2. The ultrafine bubble-containing liquid producing apparatus
according to claim 1, wherein the controller controls the producing
unit such that an ultrafine bubble-containing liquid is accumulated
into the buffer tank in a predetermined time period before
operation of the producing unit is stopped.
3. The ultrafine bubble-containing liquid producing apparatus
according to claim 2, wherein the controller controls an amount of
an ultrafine bubble-containing liquid to be delivered from the
producing unit in the predetermined time period according to a time
period in which the operation of the producing unit is stopped.
4. The ultrafine bubble-containing liquid producing apparatus
according to claim 2, wherein the controller controls a rate of
delivery of an ultrafine bubble-containing liquid to be delivered
from the producing unit.
5. The ultrafine bubble-containing liquid producing apparatus
according to claim 4, wherein the controller controls the producing
unit such that the rate of delivery of an ultrafine
bubble-containing liquid to be delivered from the producing unit in
the predetermined time period is higher than a rate of delivery of
an ultrafine bubble-containing liquid to be delivered from the
buffer tank in the predetermined time period.
6. The ultrafine bubble-containing liquid producing apparatus
according to claim 2, wherein the controller controls the producing
unit such that a rate of delivery of an ultrafine bubble-containing
liquid to be delivered from the producing unit in the predetermined
time period is higher than a rate of delivery of an ultrafine
bubble-containing liquid to be delivered from the producing unit in
a time period different from the predetermined time period.
7. The ultrafine bubble-containing liquid producing apparatus
according to claim 1, wherein a time period in which operation of
the producing unit is stopped is a time period in which a
constituent element provided in the producing unit is replaced or
repaired, and the controller causes the producing unit to operate
in a case where the replacement or the repair of the constituent
element is completed.
8. The ultrafine bubble-containing liquid producing apparatus
according to claim 2, wherein the producing unit includes a
plurality of constituent elements, and the controller controls a
rate of delivery of an ultrafine bubble-containing liquid to be
delivered from the producing unit in the predetermined time period
according to a time period in which the plurality of constituent
elements are replaced or repaired in turn continuously.

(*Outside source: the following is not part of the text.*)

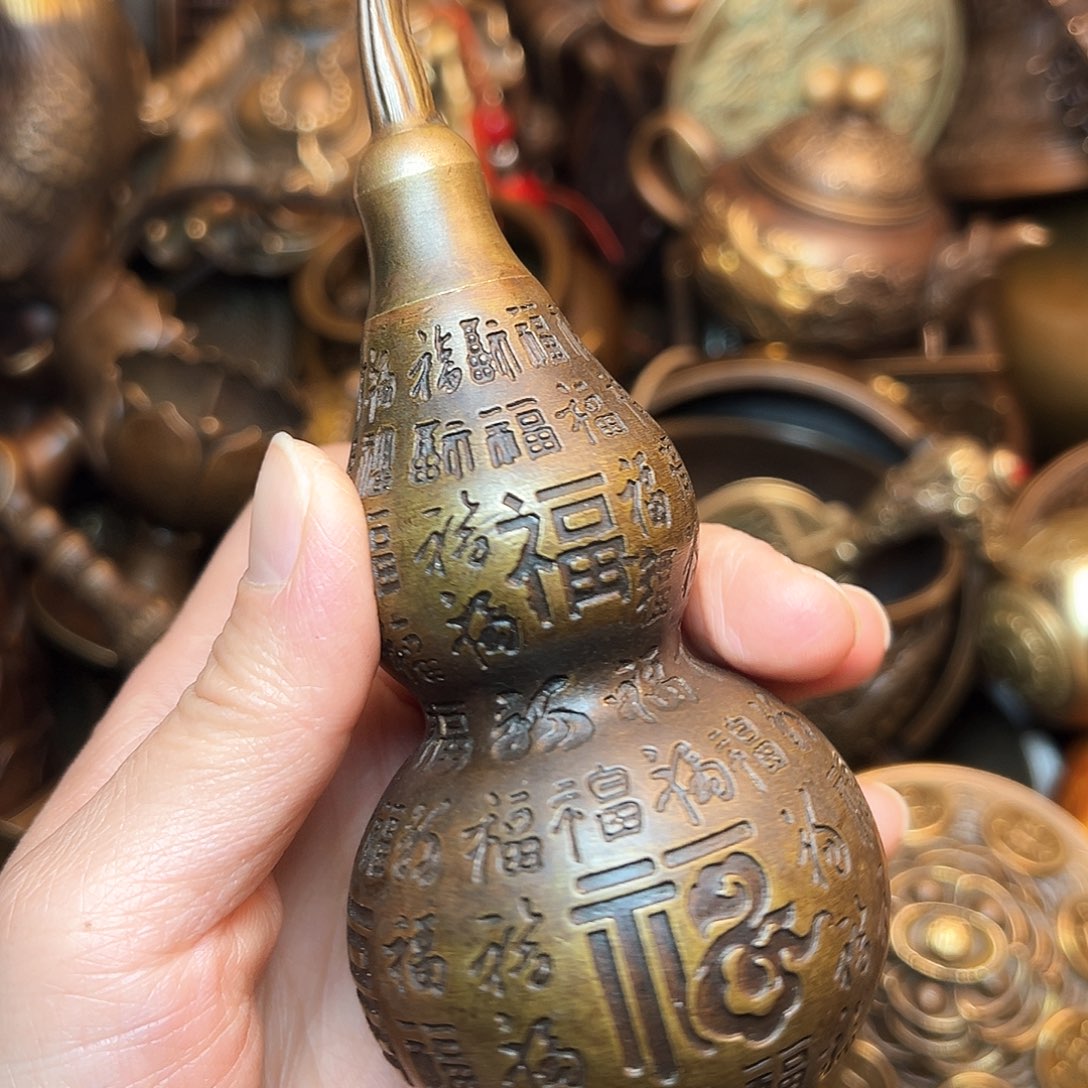 铜锣湾的历史文化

9. The ultrafine bubble-containing liquid producing apparatus
according to claim 8, wherein the controller sets timings for
replacing or repairing the plurality of constituent elements
respectively with a predetermined time interval therebetween, and
controls the rate of delivery of an ultrafine bubble-containing
liquid to be delivered from the producing unit so as to increase an
amount of an ultrafine bubble-containing liquid accumulated in the
buffer tank in each of predetermined time periods preceding the
replacement or the repair of the respective constituent
elements.
10. The ultrafine bubble-containing liquid producing apparatus
according to claim 9, wherein the controller determines the
predetermined time interval based on lives of the constituent
elements.
11. The ultrafine bubble-containing liquid producing apparatus
according to claim 1, wherein the producing unit includes an
ultrafine bubble generating unit that generates ultrafine bubbles
in a liquid supplied from the liquid introducing unit, in a case
where the ultrafine bubble generating unit is replaced or repaired,
the controller stops the supply of a liquid from the liquid
introducing unit to the ultrafine bubble generating unit and
operation of the ultrafine bubble generating unit while delivering
an ultrafine bubble-containing liquid from the buffer tank, and
after the ultrafine bubble generating unit is replaced or repaired,
the controller resumes the supply of a liquid from the liquid
introducing unit to the ultrafine bubble generating unit and the
operation of the ultrafine bubble generating unit and also resumes
the delivery of the ultrafine bubble generating unit to the buffer
tank.
12. The ultrafine bubble-containing liquid producing apparatus
according to claim 11, wherein the producing unit further includes
a gas dissolving unit that dissolves a gas into a liquid supplied
from the liquid introducing unit, and a circulating pump that
circulates a liquid delivered from the ultrafine bubble generating
unit, in a case where the ultrafine bubble generating unit is
replaced or repaired, the controller stops the supply of a liquid
from the liquid introducing unit to the ultrafine bubble generating
unit and operation of the gas dissolving unit, the ultrafine bubble
generating unit, and the circulating pump while delivering an
ultrafine bubble-containing liquid from the buffer tank, and after
the ultrafine bubble generating unit is replaced or repaired, the
controller delivers a liquid from the liquid introducing unit to
the ultrafine bubble generating unit and resumes the operation of
the gas dissolving unit, the ultrafine bubble generating unit, and
the circulating pump and also resumes the delivery of the ultrafine
bubble generating unit to the buffer tank.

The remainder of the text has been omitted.